**What to work on:** Nothing but an exact copy is asked for: the lines in the material below from the one with "SeatonTramway's tweet image." through the one with "Take a look!", pictures excluded.

**Record extracts:**
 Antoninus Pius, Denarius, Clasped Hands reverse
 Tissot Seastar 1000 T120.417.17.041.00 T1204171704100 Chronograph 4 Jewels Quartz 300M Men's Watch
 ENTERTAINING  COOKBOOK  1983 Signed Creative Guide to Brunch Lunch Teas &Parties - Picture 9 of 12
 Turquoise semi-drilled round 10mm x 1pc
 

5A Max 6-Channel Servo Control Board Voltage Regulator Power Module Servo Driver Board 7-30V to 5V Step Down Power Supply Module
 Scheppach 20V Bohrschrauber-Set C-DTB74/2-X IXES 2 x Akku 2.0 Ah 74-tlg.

* * *

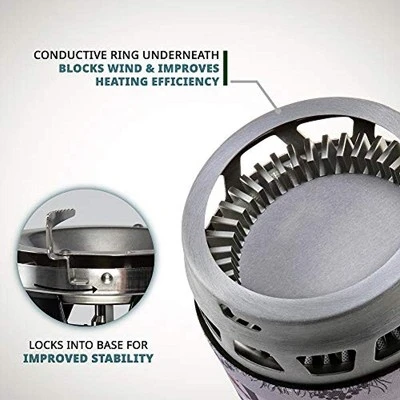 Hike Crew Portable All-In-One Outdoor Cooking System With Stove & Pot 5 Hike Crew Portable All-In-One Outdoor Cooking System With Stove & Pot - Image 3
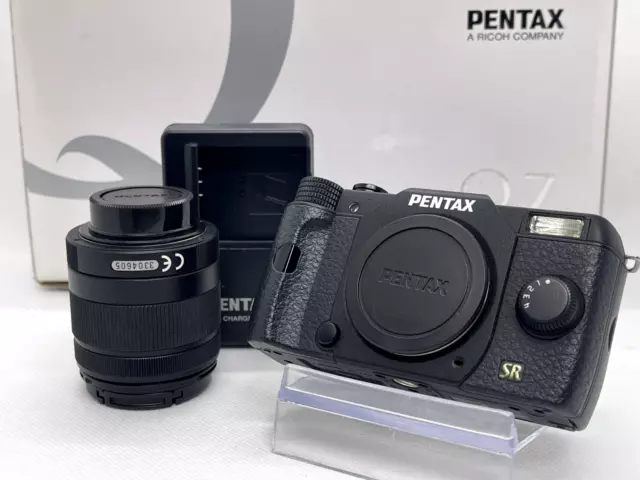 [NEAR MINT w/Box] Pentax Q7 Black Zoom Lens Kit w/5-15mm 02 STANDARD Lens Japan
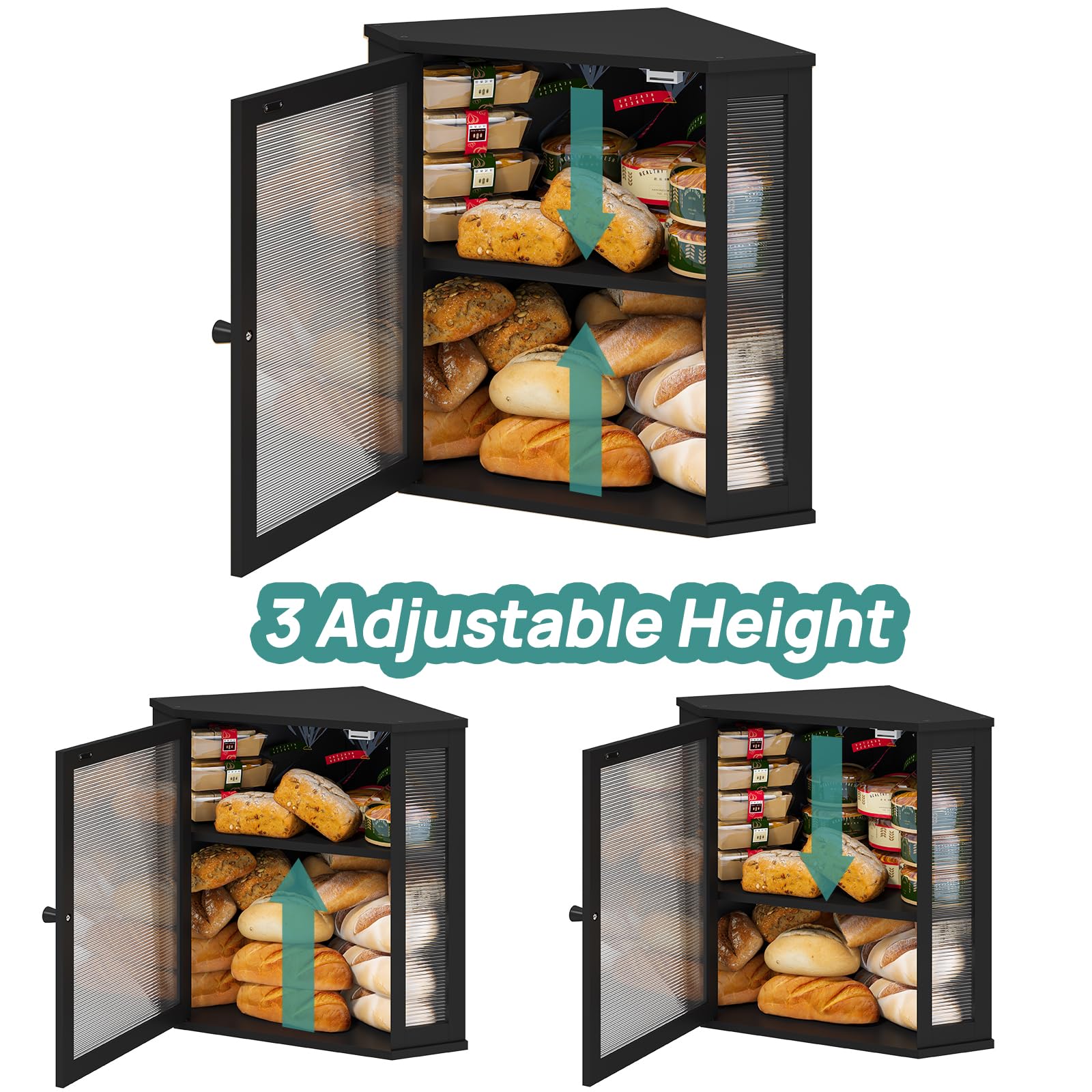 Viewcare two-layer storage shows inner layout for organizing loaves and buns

---

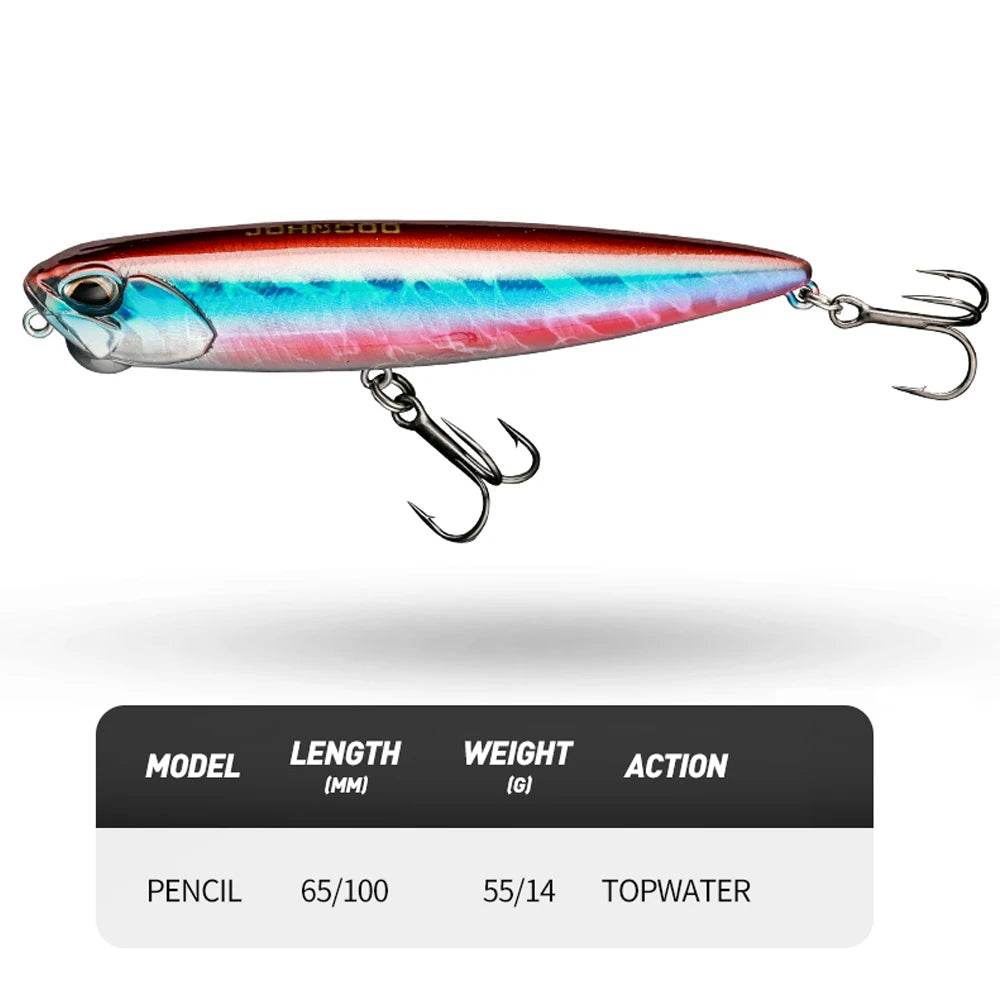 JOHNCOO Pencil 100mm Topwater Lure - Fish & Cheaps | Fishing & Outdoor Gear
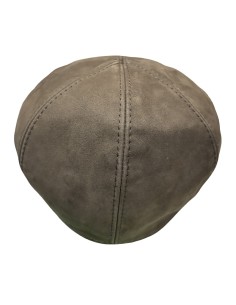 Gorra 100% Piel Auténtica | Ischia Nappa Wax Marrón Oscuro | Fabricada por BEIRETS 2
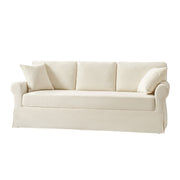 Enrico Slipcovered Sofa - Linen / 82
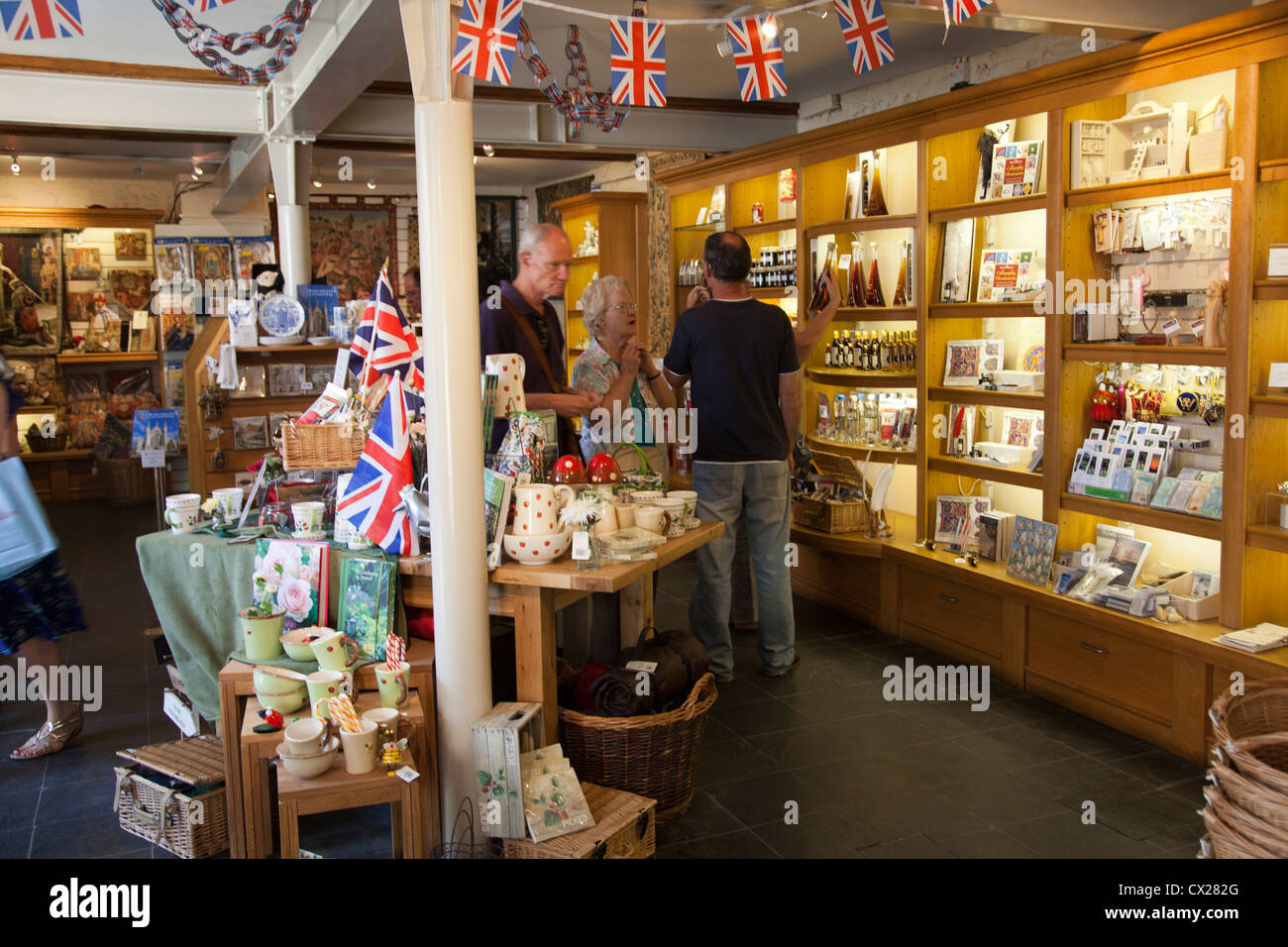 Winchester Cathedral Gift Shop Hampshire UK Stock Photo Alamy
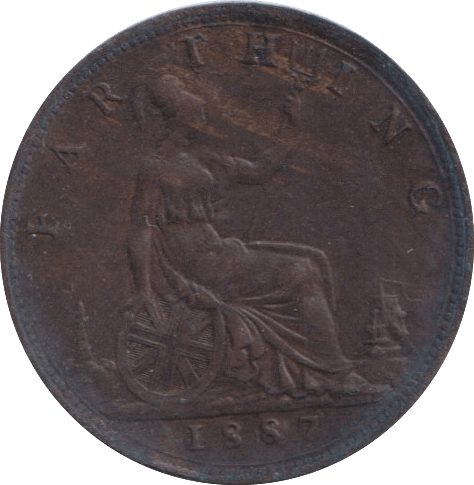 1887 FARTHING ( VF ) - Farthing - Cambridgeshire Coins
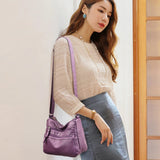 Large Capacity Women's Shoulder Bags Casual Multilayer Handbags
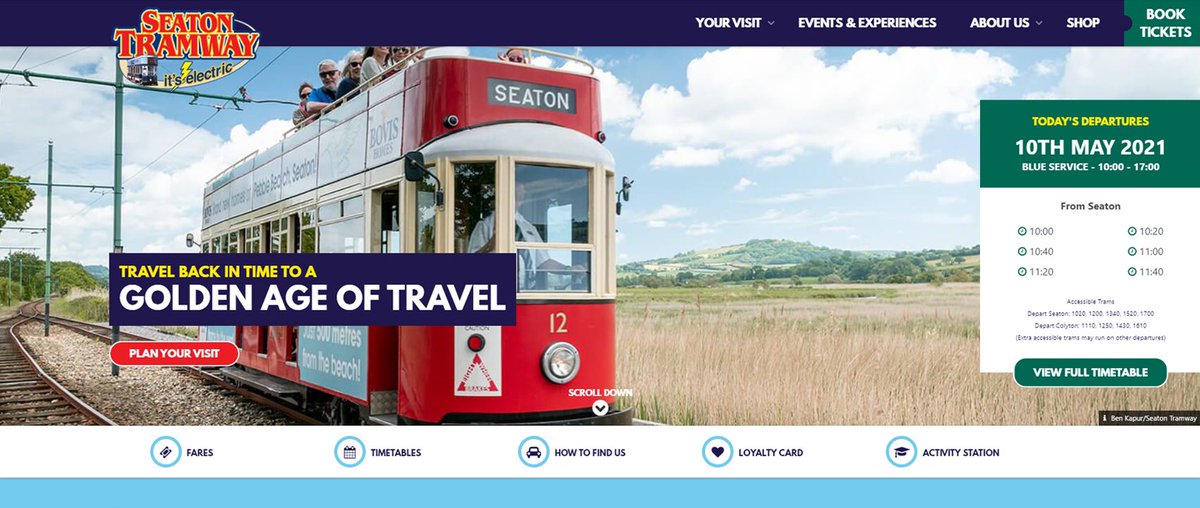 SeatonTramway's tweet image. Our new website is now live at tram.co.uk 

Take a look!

**Output for this task:**
 SeatonTramway's tweet image. Our new website is now live at tram.co.uk 

Take a look!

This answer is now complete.